In this information lesson, i learnt about Newsletter design basics! These basics include the consistency of pages, the usage of the right tools, knowing the fundamentals of layer, colour and typography and lastly, knowing the audience.
Consistency is key in graphic design! Be it in advertisements, or newspaper articles. Consistency would allow a reader to not get lost in chunks of paragraphs halfway through, and hence it is important in this case of newsletter designing.
Here is an example of 2 inconsistent pages.
As you can see above, these 2 images are clearly of a totally different layout! A consistent layout throughout the same article is important to prevent confusion amongst readers.
USING THE RIGHT TOOLS.
Moving on to using the right tools. In newsletter design, it is extremely important to use the right tools to get the desired result! Adobe photoshop or illustrator are not really popular amongst professionals when making newsletter designs. They use this very cool tool called Indesign. I got to learn about this tool while in class, and Mr Cheo guided us through the many functions this amazing application can do. From creating and changing layouts to coming out with your own unique designs all can be done with this application!
These are the tools InDesign has. The toolbar is similar to that of adobe photoshop & illustrator, hence anyone familiar with them would be familiar with Indesign. However some of these tools may perform different functions.

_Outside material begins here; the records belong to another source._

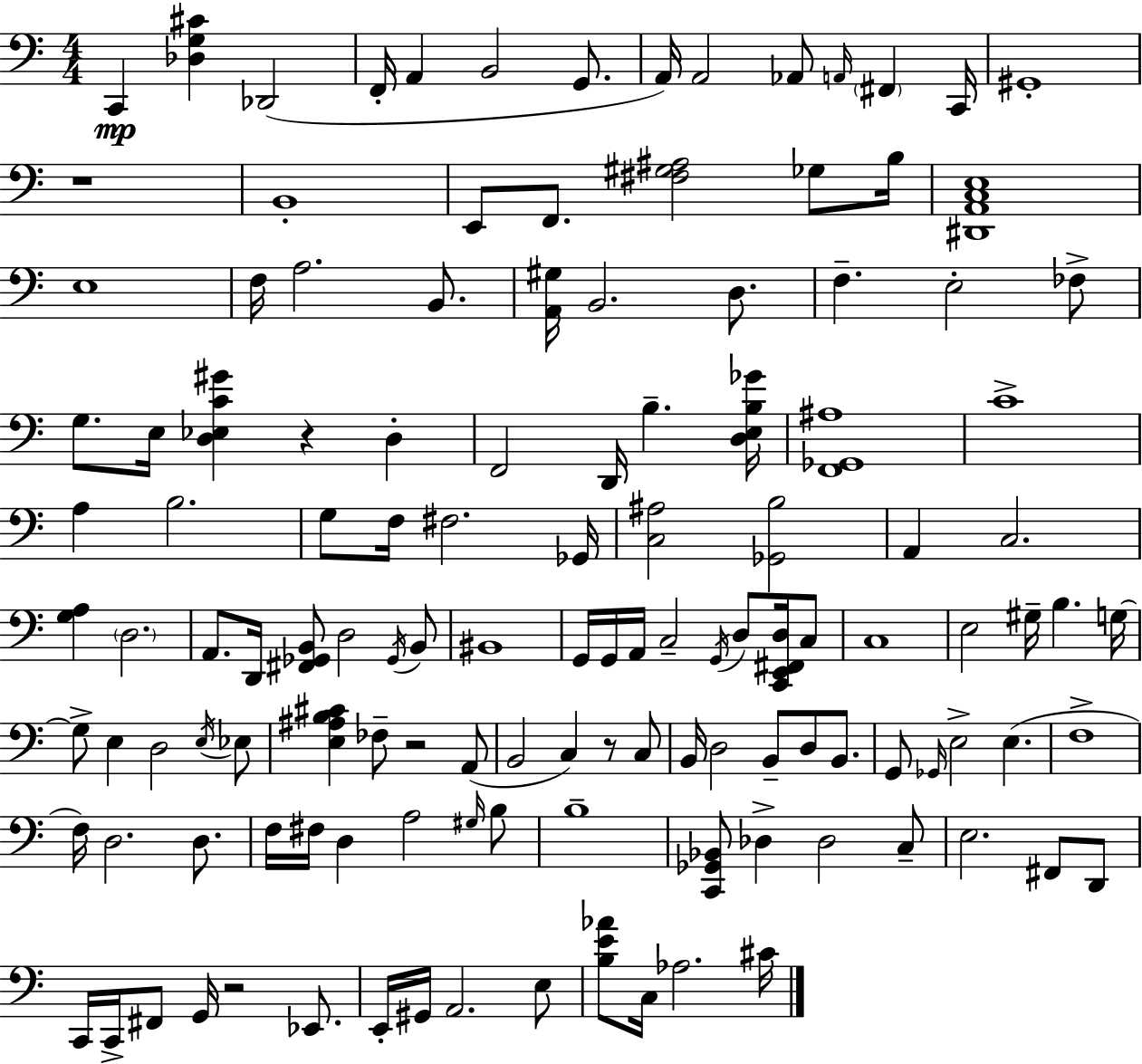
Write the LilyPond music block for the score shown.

{
  \clef bass
  \numericTimeSignature
  \time 4/4
  \key c \major
  c,4\mp <des g cis'>4 des,2( | f,16-. a,4 b,2 g,8. | a,16) a,2 aes,8 \grace { a,16 } \parenthesize fis,4 | c,16 gis,1-. | \break r1 | b,1-. | e,8 f,8. <fis gis ais>2 ges8 | b16 <dis, a, c e>1 | \break e1 | f16 a2. b,8. | <a, gis>16 b,2. d8. | f4.-- e2-. fes8-> | \break g8. e16 <d ees c' gis'>4 r4 d4-. | f,2 d,16 b4.-- | <d e b ges'>16 <f, ges, ais>1 | c'1-> | \break a4 b2. | g8 f16 fis2. | ges,16 <c ais>2 <ges, b>2 | a,4 c2. | \break <g a>4 \parenthesize d2. | a,8. d,16 <fis, ges, b,>8 d2 \acciaccatura { ges,16 } | b,8 bis,1 | g,16 g,16 a,16 c2-- \acciaccatura { g,16 } d8 | \break <c, e, fis, d>16 c8 c1 | e2 gis16-- b4. | g16~~ g8-> e4 d2 | \acciaccatura { e16 } ees8 <e ais b cis'>4 fes8-- r2 | \break a,8( b,2 c4) | r8 c8 b,16 d2 b,8-- d8 | b,8. g,8 \grace { ges,16 } e2-> e4.( | f1-> | \break f16) d2. | d8. f16 fis16 d4 a2 | \grace { gis16 } b8 b1-- | <c, ges, bes,>8 des4-> des2 | \break c8-- e2. | fis,8 d,8 c,16 c,16-> fis,8 g,16 r2 | ees,8. e,16-. gis,16 a,2. | e8 <b e' aes'>8 c16 aes2. | \break cis'16 \bar "|."
}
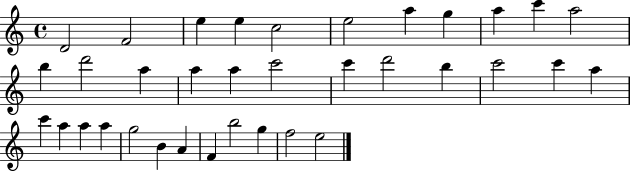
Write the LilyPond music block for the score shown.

{
  \clef treble
  \time 4/4
  \defaultTimeSignature
  \key c \major
  d'2 f'2 | e''4 e''4 c''2 | e''2 a''4 g''4 | a''4 c'''4 a''2 | \break b''4 d'''2 a''4 | a''4 a''4 c'''2 | c'''4 d'''2 b''4 | c'''2 c'''4 a''4 | \break c'''4 a''4 a''4 a''4 | g''2 b'4 a'4 | f'4 b''2 g''4 | f''2 e''2 | \break \bar "|."
}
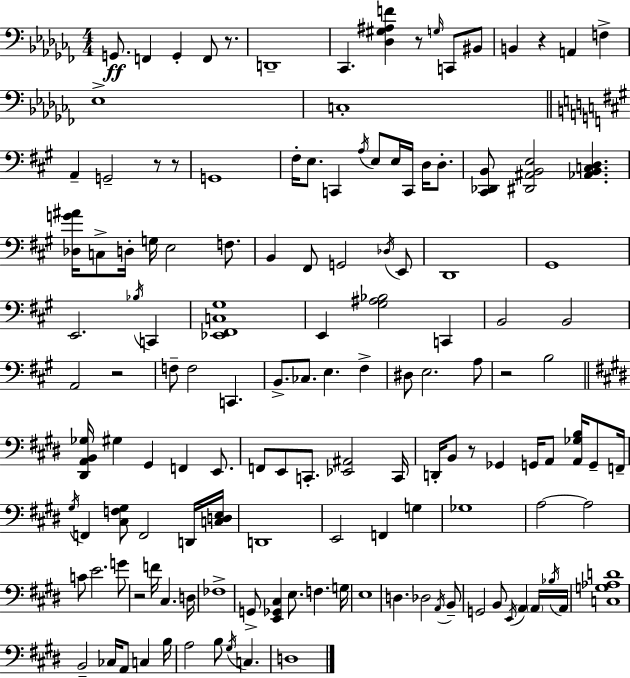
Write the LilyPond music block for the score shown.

{
  \clef bass
  \numericTimeSignature
  \time 4/4
  \key aes \minor
  g,8.\ff f,4 g,4-. f,8 r8. | d,1-- | ces,4. <des gis ais f'>4 r8 \grace { g16 } c,8 bis,8 | b,4 r4 a,4 f4-> | \break ees1-> | c1-. | \bar "||" \break \key a \major a,4-- g,2-- r8 r8 | g,1 | fis16-. e8. c,4 \acciaccatura { a16 } e8 e16 c,16 d16 d8.-. | <cis, des, b,>8 <dis, ais, b, e>2 <aes, b, c d>4. | \break <des g' ais'>16 c8-> d16-. g16 e2 f8. | b,4 fis,8 g,2 \acciaccatura { des16 } | e,8 d,1 | gis,1 | \break e,2. \acciaccatura { bes16 } c,4 | <ees, fis, c gis>1 | e,4 <gis ais bes>2 c,4 | b,2 b,2 | \break a,2 r2 | f8-- f2 c,4. | b,8.-> ces8. e4. fis4-> | dis8 e2. | \break a8 r2 b2 | \bar "||" \break \key e \major <dis, a, b, ges>16 gis4 gis,4 f,4 e,8. | f,8 e,8 c,8.-. <ees, ais,>2 c,16 | d,16-. b,8 r8 ges,4 g,16 a,8 <a, ges b>16 g,8-- f,16-- | \acciaccatura { gis16 } f,4 <cis f gis>8 f,2 d,16 | \break <c d e>16 d,1 | e,2 f,4 g4 | ges1 | a2~~ a2 | \break c'8 e'2. g'8 | r2 f'16 cis4. | d16 fes1-> | g,8-> <e, ges, cis>4 e8. f4. | \break g16 e1 | d4. des2 \acciaccatura { a,16 } | b,8-- g,2 b,8 \acciaccatura { e,16 } a,4 | \parenthesize a,16 \acciaccatura { bes16 } a,16 <c g aes d'>1 | \break b,2-- ces16 a,8 c4 | b16 a2 b8 \acciaccatura { gis16 } c4. | d1 | \bar "|."
}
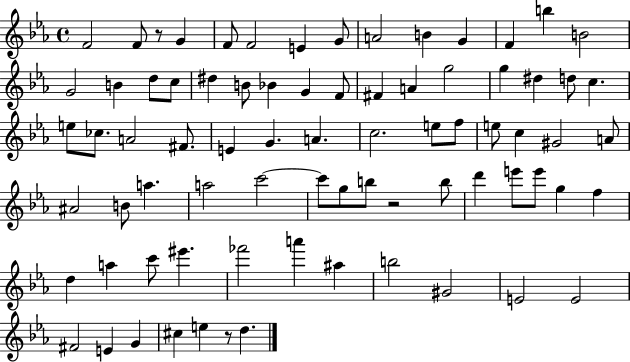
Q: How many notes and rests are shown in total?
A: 77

This is an example of how a basic magazine layout can be created.
KNOWING THE FUNDAMENTALS
Knowing the fundamentals in this application is very important. Without knowing the fundamentals one would not be able to make a basic layout without any problems.
The fundamentals include colour, layout, and typography.
Learning your colour wheel is one of the most important fundamentals. Knowing what colour matches with each other and knowing colliding colours is crucial in making an article look good in an overall manner. Colours that don’t go would cause the entire page to look disorganised and disarrayed and as a result people would lost interest quickly.
Secondly, a good layout balance is a key fundamental to newsletter designing. Without a proper layout, readers might get lost easily in the chunks of paragraphs due to disorganisation or just because of a bad confusing layout.
Here is an example of a bad layout.
As you can see from this illustration above, the texts clearly blends into the background, making it extremely hard to read. Not only that, the spaces in between sentences are also too big, making it easy for readers to get distracted.
Here is an example of a good layout.
On this article on a car, you can see the neatly organised paragraphs as well as a car on the bottom left of the page, acting as a reference, and also a reminder to the reader to what they are reading about.
Next, typography. Typography in newsletter designing is one of the fundamentals leaning towards to the important side. Bad typography would cause a reader to be unable to read or cause a strain in their eyes because of unusual fonts.
Here is a good and bad example of typography in newsletter designing.
As you can (kinda) see on the left side, the spacing between words are more consistent in size and the words are mostly on the line grid itself, whilst on the right side, words are hovering above the lines, making it look messy and all over the place.
KNOW THE AUDIENCE
Last but not least, knowing your audience is an important fundamental in newsletter designing. Because magazines and books go out to the mass audiences, different people of different age groups would receive the same copy. Hence different categories of these people of different age groups would be able to enjoy the articles.
For example, here is an article for kids. As you can see form the illustration above, bright colours are used, and the paragraphs aren’t too long. This would allow kids to not get drowned in the long paragraphs of unfamiliar words, hence promoting reading.
Unlike the kids article which is short, sweet and colourful, this article promoting the phantom of the opera is dull coloured with long winded paragraphs. This is to ensure as much background information is given to the audience as they would be given the choice whether or not they would want to view the play.